Can you assign new observations into existing clusters?

jawon

New Member
#1
Have never done cluster analysis. Is a scenario like this possible/recommended...

1. Run 100 observations thru cluster analysis and end up with 4 clusters.
2. Now I have a "cluster model".
3. I get 20 more observations.
4. Run these 20 thru my existing cluster model and have each of them assigned into one of the existing 4 clusters.

So it's kind of a regression approach... you have a model that you use to score future observations. Or would those 4 clusters now be invalid and I'd have to "re-cluster" based on the complete 120 obs?

Thank you!
 

spunky

Super Moderator
#2
you have a model that you use to score future observations. Or would those 4 clusters now be invalid and I'd have to "re-cluster" based on the complete 120 obs?
i would say that just for the sake of exploring your data carefully, you should probably re-run the clustering with the added 20 observations. because, in all honesty, if 20 observations end up changing cluster membership a lot maybe your 'cluster model' wasn't all that great to begin with.

disclaimer: i prefer model-based clustering methods like finite mixtures than centroid-based clusting algorithms. which method are you using to cluster your observations?
 

jawon

New Member
#3
Thank you for the response.

The quantities were just to provide a concrete example. My dataset would actually have much more.

My question is more about the concept of assigning NEW observations into EXISTING clusters.
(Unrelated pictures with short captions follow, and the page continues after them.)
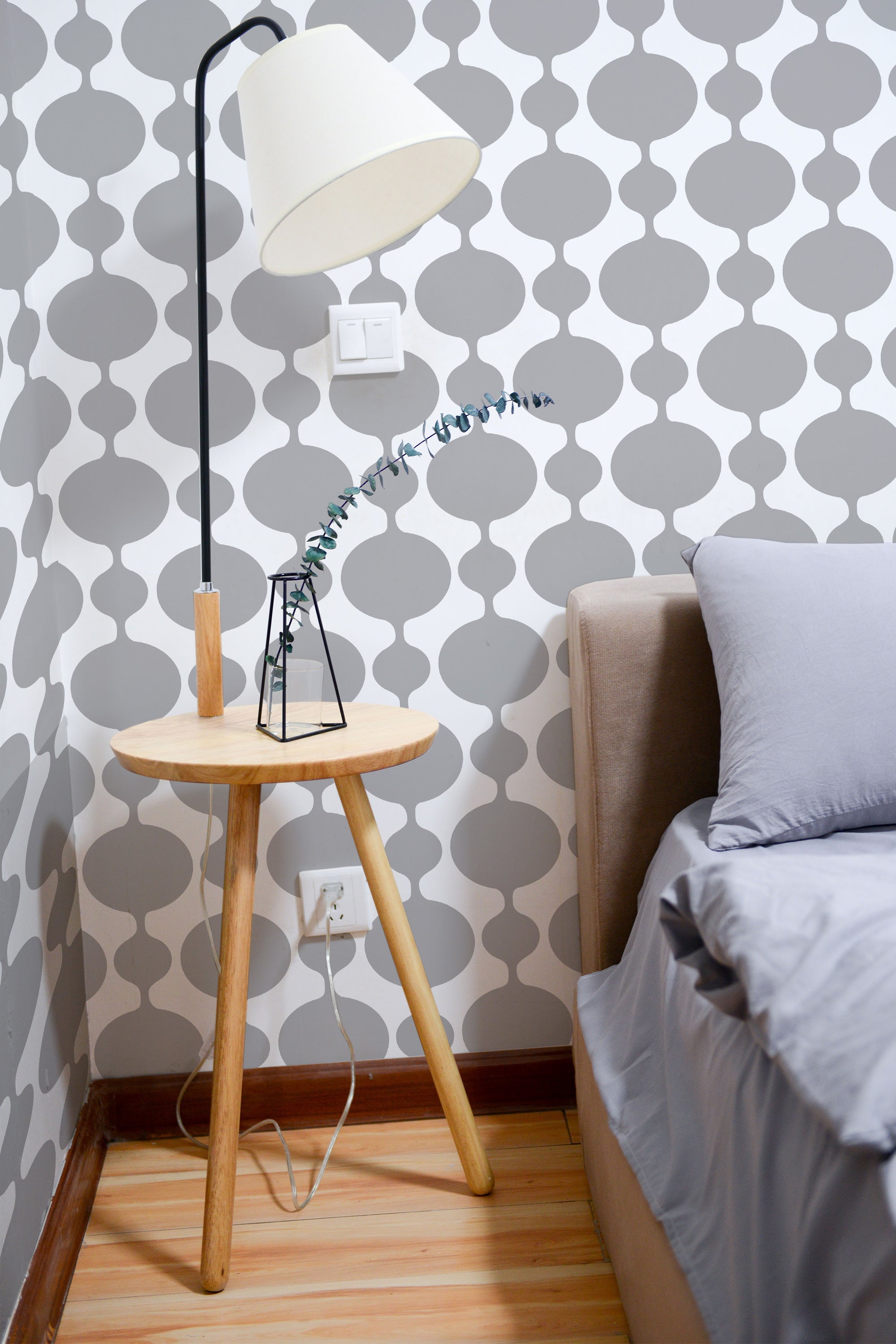 Self-adhesive wallpaper with a vintage seamless pattern of repeating gray and white abstract shapes, giving the room a retro and stylish vibe.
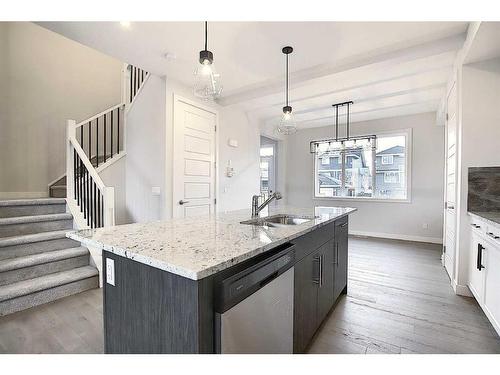 56 Shale Avenue, Cochrane, AB - Indoor Photo Showing Kitchen With Double Sink With Upgraded Kitchen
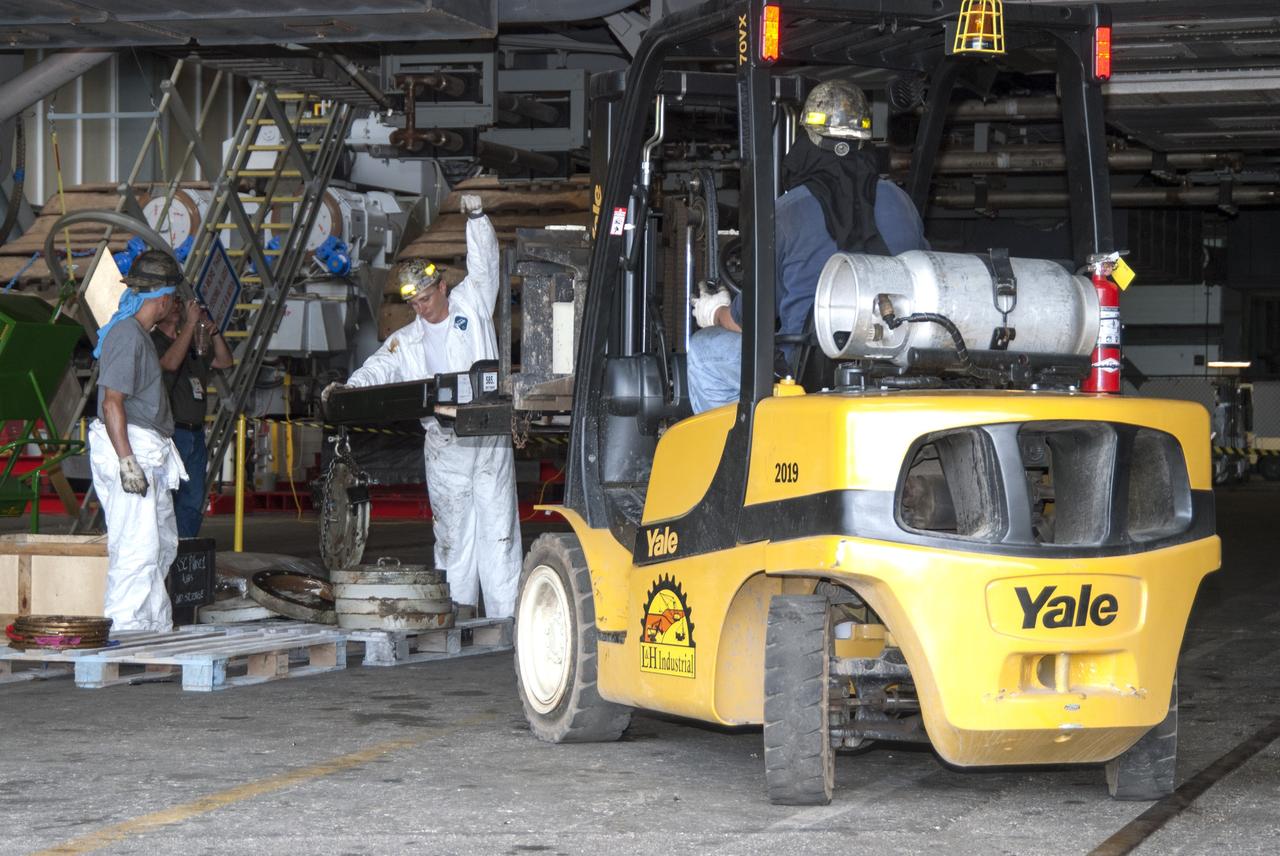 CAPE CANAVERAL, Fla. -- Technicians in the Vehicle Assembly Building at NASA’s Kennedy Space Center in Florida, are removing cover plates in preparation for replacing the roller bearing assemblies on crawler-transporter 2, or CT-2. The modifications are designed to ensure CT-2's ability to transport launch vehicles currently in development, such as the agency's Space Launch System which will send the Orion spacecraft carrying humans to new destinations in the solar system. The Ground Systems Development and Operations Program office at Kennedy is overseeing the upgrades to CT-2 so that it can carry NASA’s Space Launch System heavy-lift rocket and new Orion spacecraft to the launch pad. For more than 45 years the crawler-transporters were used to transport the mobile launcher platform and the Apollo-Saturn V rockets and, later, space shuttles to Launch Pads 39A and B. For more information, visit: http://www.nasa.gov/exploration/systems/ground/crawler-transporter_bearings.html Photo credit: NASA/Tim Jacobs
Admittedly I have more of a regression modeling lens on and I don't know if that works in the clustering world.
 

bryangoodrich

Probably A Mammal
#4
Which clustering algorithm are you using? That determines how you apply your data mining model. For instance, if you're using k-means, the result of training a model on a set of data with a given similarity measure is to produce a set of cluster centers. You apply that model by assigning new observations based on which center they are most new using that measure the model was trained with. That model can be thought of as a pair (k, +) where 'k' represents the centers and '+' represents the measure. It makes no sense to say you've added observations to the cluster. The cluster isn't the "thing" that you've modeled. What you've modeled was (k, +). That was trained on the original data set. The model assigned new observations to whichever clusters they got assigned to. So on that model, what is most similar to a given k is just whatever the model determines. If you fit a new model you might end up with some (k', +) with very different clusters. You can also change the number of k that exist or use a completely different similarity measure. The point being, you aren't creating clusters. You're finding centers in that case.

Of course, this only applies to what k-means produces. If you used hierarchical clustering or knn or some other approach, you'd have a different sort of model. A hierarchical clustering model produces a dendrogram that relates every observation and you'd apply it to test data differently, but the point still remains the same. The clusters you generate aren't the end result. Those are products of the model. The model itself is the product of the clustering (cluster centers; dendrogram, etc.).
 

jawon

New Member
#5
Thank you. Despite my inaccurate language, I think I got the answer I was looking for.

Sounds like using k-means, I can train a model that will result in X number of clusters. Then I could run new observations through this original model and these new observations would get assigned to one of the original clusters.

Is this a common way of using clusters? I've seen plenty of examples where clusters are created in a one-time analysis to help describe the different segments in the universe. But what I've described is more of an ongoing process, where a model is built and then new observations are routinely added to the original clusters.